“It is a blatant lie,” said an angry K Rajachandran, president of the Ambal Fishermen’s Cooperative Society, Karainagar, Jaffna district.
“Indian fishermen come within 2 to 3 kilometres of the shore here. And they come day after day in large numbers - 50 to 150 vessels at a time,” he told Express.
Rajachandran sneered at Tamil Nadu government’s contention that the retrieval of Katchchativu island by India from Sri Lanka would put an end to the controversies over fishing in the Palk Strait. “If Kachchativu becomes the border, our problems will only increase. Kachchativu will then become the baseline for Indian fishermen and they will start coming even closer to our shores,” he said.

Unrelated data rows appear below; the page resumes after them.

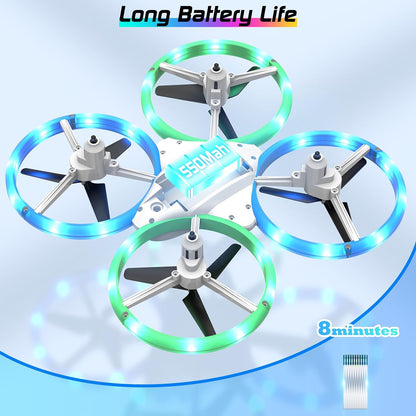 DyineeFy Mini Drone, Long Battery Life 8mtinuces ss@M
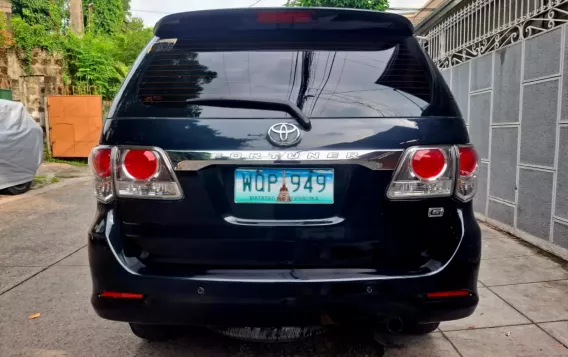 2014 Toyota Fortuner  2.4 G Diesel 4x2 AT in Quezon City, Metro Manila-5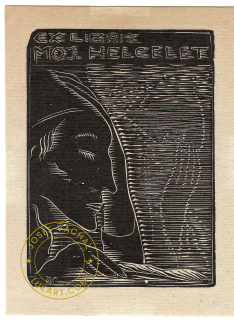 Josef Váchal -  Helcelet Moj. – Snící čtenář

The Karainagar fishermen argue that even with Kachchativu in Indian hands, TN fishermen will still fish in Lankan waters, because it is here that the catch is there.
Not Against Sharing
The Jaffna fishermen say that they have no objection to Indians fishing in Lankan waters, provided they use similar fishing methods, and avoid trawling and other harmful techniques.
“Trawlers not only destroy marine life, but tear our nets. TN fishermen’s leader Arulanandam had promised to arrange for compensation. So, we have collected 18 nets and plan to show them to him,” said K Kamalathasan, one of the affected fishermen. The way the Indians laid their nets tended to damage the motors of the small craft used by their Lankan counterparts, pointed out V Krishnasamy.
Victims of War
Jaffna fisherfolk recall that during the 30-year war they had not been fishing because of security restrictions. They lament that TN fishermen and the TN and Indian governments are insensitive to their plight, their desperate need for a livelihood. “The TN fishermen insist on having their way. They say, you fish when we are not here! However, an agreement was arrived at between the fishermen and it was to be endorsed by the two governments. But sadly, the Indian government did not accept it for political reasons,” Rajachandran said.